(GIVEN INFORMATION)
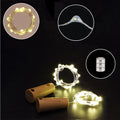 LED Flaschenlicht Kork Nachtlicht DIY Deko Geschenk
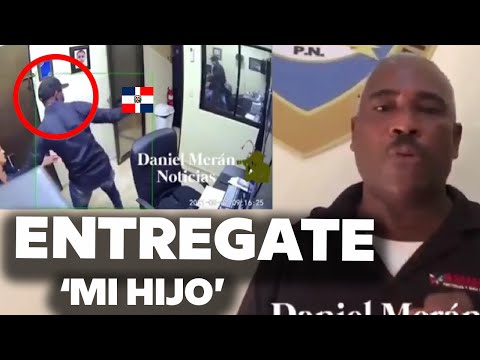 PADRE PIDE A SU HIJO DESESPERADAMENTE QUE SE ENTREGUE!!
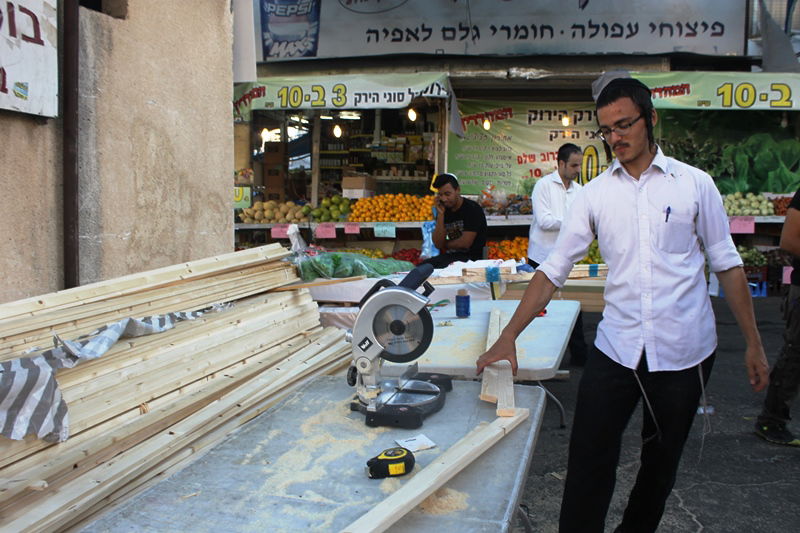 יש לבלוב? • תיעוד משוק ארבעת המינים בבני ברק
(End GIVEN INFORMATION)
=== REQUIRED ACTION ===
What is needed is an exact repeat of only the lines from the one containing "PADRE PIDE A" through the last line of the listing above, both ends included, without the pictures.

=== ANSWER BELOW ===
 PADRE PIDE A SU HIJO DESESPERADAMENTE QUE SE ENTREGUE!!
 יש לבלוב? • תיעוד משוק ארבעת המינים בבני ברק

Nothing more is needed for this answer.